In many respects, economics is more similar to social sciences such as psychology and sociology than physical sciences such as chemistry and biology. Economics (particularly microeconomics) is ultimately concerned with why, when and how human beings trade with each other. Different schools of thought have taken the field toward increasing levels of mathematical sophistication and model-based regression forecasting, but the building blocks continue to be human actors and their behaviors.

Consider the laws of supply and demand in economics. When placed on a microeconomic chart, it looks as though price is determined through a mechanical adjustment based on the quantity of a product and the number of buyers in the market. In reality, a price is the agreed-upon level at which a seller is willing to part with a good and the buyer is willing to assume it. Consumers have to compete with other consumers when bidding for a good. Producers have to compete with other producers for those consumers. It's the actions of individual actors that determine economic reality – not the other way around.

The field of economics attempts to understand the patterns of individual decisions within the context of a world that has scarce resources.

Human Action and Determining Value

Economic actors will regularly engage in transactions that they anticipate will make them better off. If a consumer buys a loaf of bread for three dollars, he/she is implicitly stating that they value the bread more than three dollars. The seller, by offering the loaf for three dollars, is implicitly stating that the three dollars are more valuable than the bread.

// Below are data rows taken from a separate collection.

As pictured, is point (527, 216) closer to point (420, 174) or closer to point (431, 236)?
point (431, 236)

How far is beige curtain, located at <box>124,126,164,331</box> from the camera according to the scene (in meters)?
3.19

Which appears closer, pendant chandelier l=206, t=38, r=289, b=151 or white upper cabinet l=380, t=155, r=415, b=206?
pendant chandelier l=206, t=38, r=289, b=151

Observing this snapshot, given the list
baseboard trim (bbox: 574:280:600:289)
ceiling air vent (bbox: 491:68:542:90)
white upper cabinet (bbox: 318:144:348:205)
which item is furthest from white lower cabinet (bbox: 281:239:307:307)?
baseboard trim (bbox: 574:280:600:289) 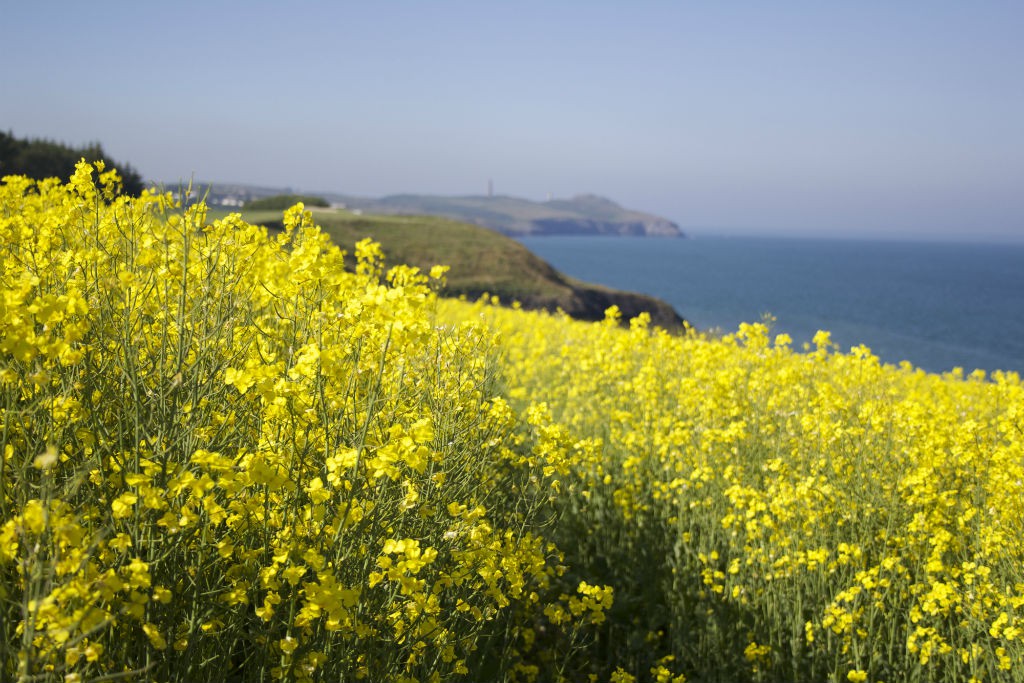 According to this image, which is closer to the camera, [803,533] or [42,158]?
[803,533]

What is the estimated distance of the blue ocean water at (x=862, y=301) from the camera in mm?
47125

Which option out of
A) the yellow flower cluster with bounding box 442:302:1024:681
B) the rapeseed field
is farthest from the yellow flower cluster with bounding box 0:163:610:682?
the yellow flower cluster with bounding box 442:302:1024:681

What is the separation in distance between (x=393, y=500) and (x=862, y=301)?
3190 inches

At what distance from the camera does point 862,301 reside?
74312 mm

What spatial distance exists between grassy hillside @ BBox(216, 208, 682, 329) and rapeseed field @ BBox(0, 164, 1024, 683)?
39.6 m

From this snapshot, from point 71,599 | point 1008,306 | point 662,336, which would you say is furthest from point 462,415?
point 1008,306

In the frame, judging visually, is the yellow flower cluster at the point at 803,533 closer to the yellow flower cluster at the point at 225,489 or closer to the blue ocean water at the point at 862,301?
the yellow flower cluster at the point at 225,489

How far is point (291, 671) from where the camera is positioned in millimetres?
2273

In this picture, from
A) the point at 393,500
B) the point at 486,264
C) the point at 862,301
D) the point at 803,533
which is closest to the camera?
the point at 393,500

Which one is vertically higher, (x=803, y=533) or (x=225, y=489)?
→ (x=225, y=489)

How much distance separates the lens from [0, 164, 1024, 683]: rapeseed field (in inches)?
81.4

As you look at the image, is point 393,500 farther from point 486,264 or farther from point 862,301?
point 862,301

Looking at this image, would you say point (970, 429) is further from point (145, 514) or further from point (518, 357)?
point (518, 357)

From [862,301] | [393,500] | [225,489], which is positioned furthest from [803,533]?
[862,301]
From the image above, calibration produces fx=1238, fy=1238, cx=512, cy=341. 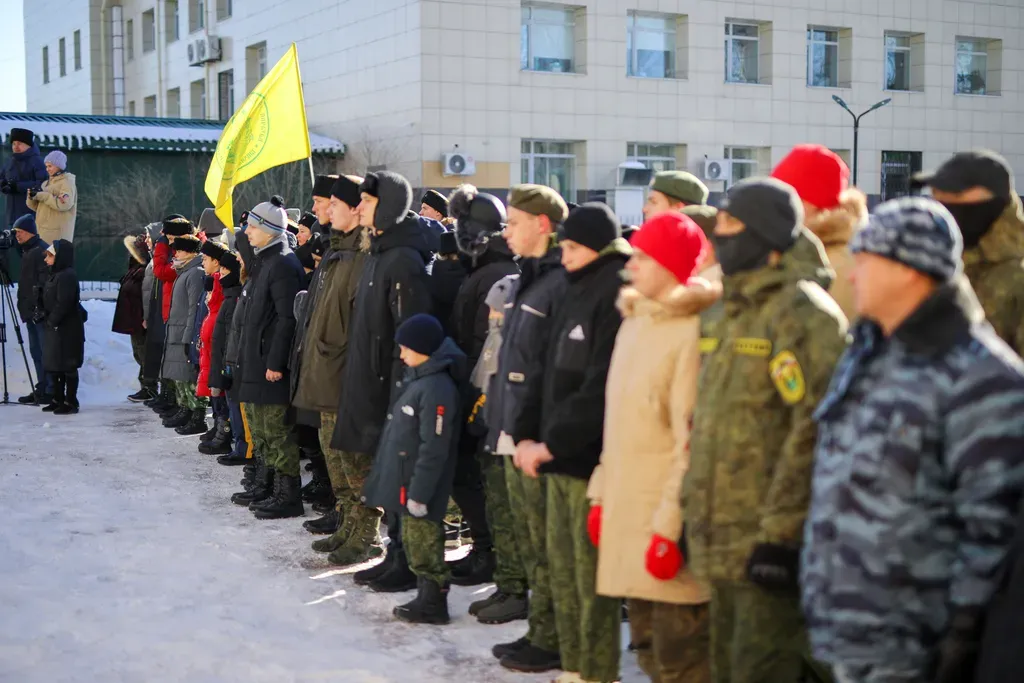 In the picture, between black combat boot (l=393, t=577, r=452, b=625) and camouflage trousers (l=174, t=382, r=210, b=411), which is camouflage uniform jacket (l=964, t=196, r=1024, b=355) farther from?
camouflage trousers (l=174, t=382, r=210, b=411)

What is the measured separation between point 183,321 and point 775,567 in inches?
379

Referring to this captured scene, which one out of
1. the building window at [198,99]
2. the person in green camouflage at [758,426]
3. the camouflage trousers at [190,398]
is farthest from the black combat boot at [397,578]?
the building window at [198,99]

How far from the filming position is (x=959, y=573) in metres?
2.85

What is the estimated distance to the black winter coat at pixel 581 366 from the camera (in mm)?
5008

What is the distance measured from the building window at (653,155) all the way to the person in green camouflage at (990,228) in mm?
28825

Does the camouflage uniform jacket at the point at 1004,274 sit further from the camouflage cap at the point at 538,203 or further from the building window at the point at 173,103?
the building window at the point at 173,103

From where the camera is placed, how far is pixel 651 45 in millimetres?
33594

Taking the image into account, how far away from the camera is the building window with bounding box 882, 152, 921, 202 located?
36.8 m

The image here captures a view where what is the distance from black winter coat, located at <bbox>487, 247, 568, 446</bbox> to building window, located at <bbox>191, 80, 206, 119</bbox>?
37.1 m

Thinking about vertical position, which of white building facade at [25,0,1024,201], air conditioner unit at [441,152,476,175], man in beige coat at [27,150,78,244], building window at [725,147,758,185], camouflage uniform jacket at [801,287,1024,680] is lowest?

Presumably, the general market for bread in the area suggests that three dollars is an acceptable price to entice businesses to become bread retailers and assume the associated risks. This also means that wheat farmers are sufficiently compensated, transportation is economically feasible and hundreds (if not thousands) of other human actions can be coordinated in a sustaining way.

Each actor in the chain of financing, production and consumption is receiving enough value to entice their cooperation. To save time, economics studies the price rather than breaking down every single trade, transaction and motivation. The root is a huge series of human value judgments and behaviors. The price, in a sense, economizes on the information.

Analyzing and Understanding Human Behavior

Economics appears to be superficially concerned with abstractions such as demand curves, production possibilities frontiers or interest rates. None of those inputs actually exist in a tangible sense. However, the root is always individual human action. Every actor is simultaneously coordinating his activities in a meaningful, value-driven way. Those values and actions are dynamically captured through broad economic indicators and subsequently analyzed.

Human action cannot be predicted with any certainty. No economist knows how much any single consumer will be willing to pay for a 50-inch television in 2024, for example. A basic understanding of human action can help economists identify meaningful tendencies in resource allocation, however.